You might think dogs have it made as man’s co-pilot. Richard Friedlander’s tale suggests otherwise.
Richard Halliburton was perhaps the best-known world traveler between the World Wars. As a senior at Princeton, he realized he wasn’t cut out for sedentary work and opted for a life of adventure, confident in his ability to make it pay. Blessed with a hardy constitution, he made his way around the world, hitch-hiking and stowing away on ships. He conquered the Matterhorn, Kilimanjaro, and Mount Fuji. He slept atop a storm-swept Mount Olympus and among the Iban people of Borneo. He dove seventy feet into the Sacred Well of the Mayas, and repeated it just to be photographed for proof he had done it. He swam the Panama Canal–the long way (the toll was thirty-eight cents), and crossed the unfinished Golden Gate and Bay Bridges–on their cables! In his two-seater biplane, the Flying Carpet, he visited Nazi Berlin and Stalinist Moscow. He met everyone in the world who was anyone, with a camera, his constant companion.
When his book, The Glorious Adventure, a reliving of Homer’s Odyssey, became a bestseller, he filled lecture halls.

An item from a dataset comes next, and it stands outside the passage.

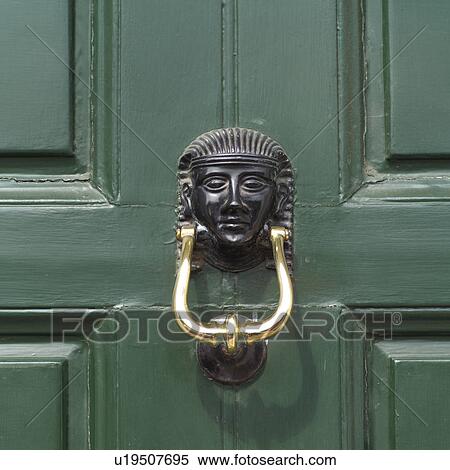door knocker on green door View Large Photo Image Stock Photography - door knocker on green door. Fotosearch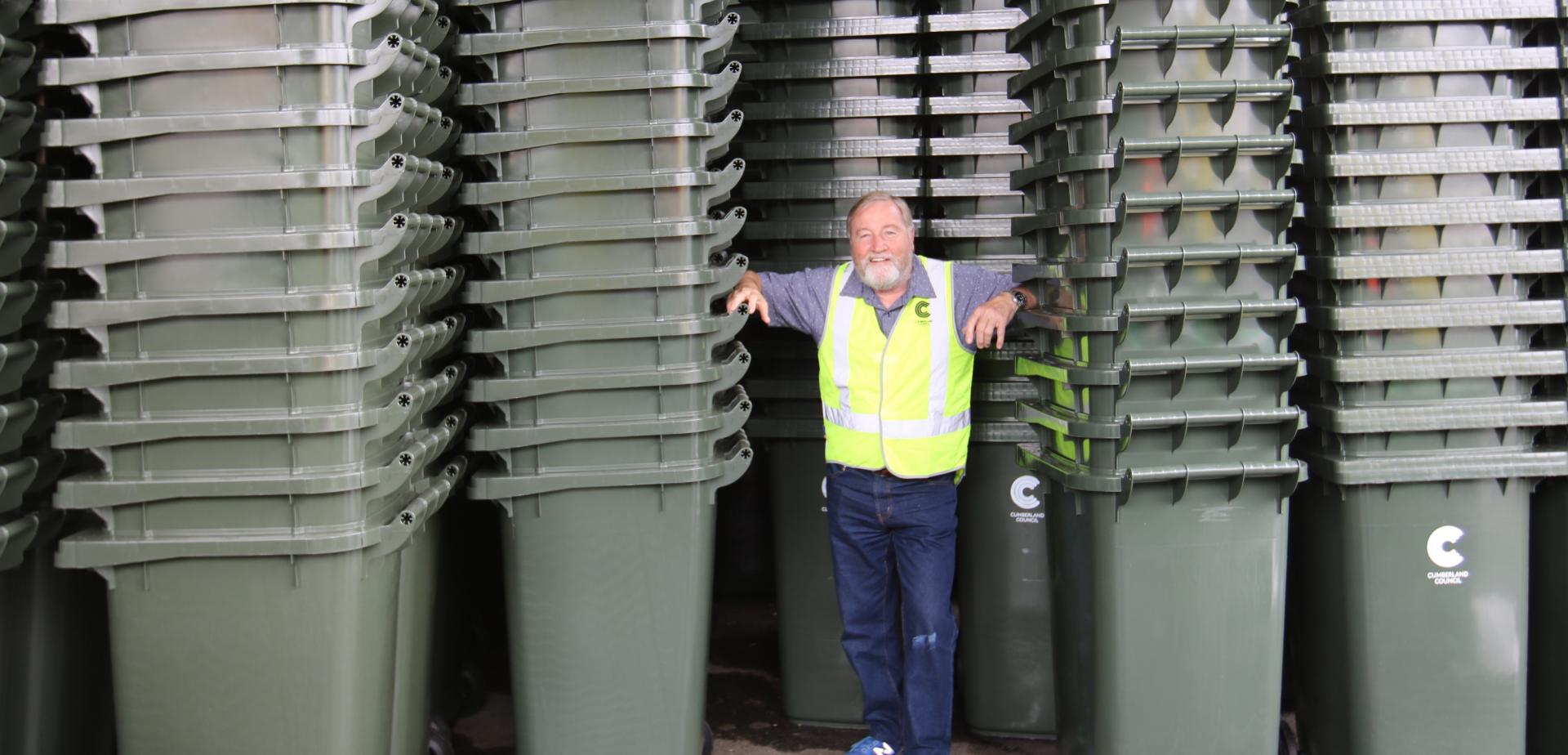garden bins mayor Mayor Cummings standing in front of stacked garden bins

On February 4, 1939, amid a flotilla of well-wishers, he left Hong Kong aboard a large Chinese junk, Sea Dragon, bound for the San Francisco World’s Fair. His courageous crew was eleven Americans, a young steward, two puppies and two kittens. Six days later, the battered junk returned to Hong Kong for repairs. Most of the crew, including the cats, jumped ship. The dogs stayed aboard.
It was typical Halliburton not to be discouraged. On March 24th, Sea Dragon set out again, though this time without fanfare. Two weeks later, she disappeared. Planes searching the Pacific found nothing.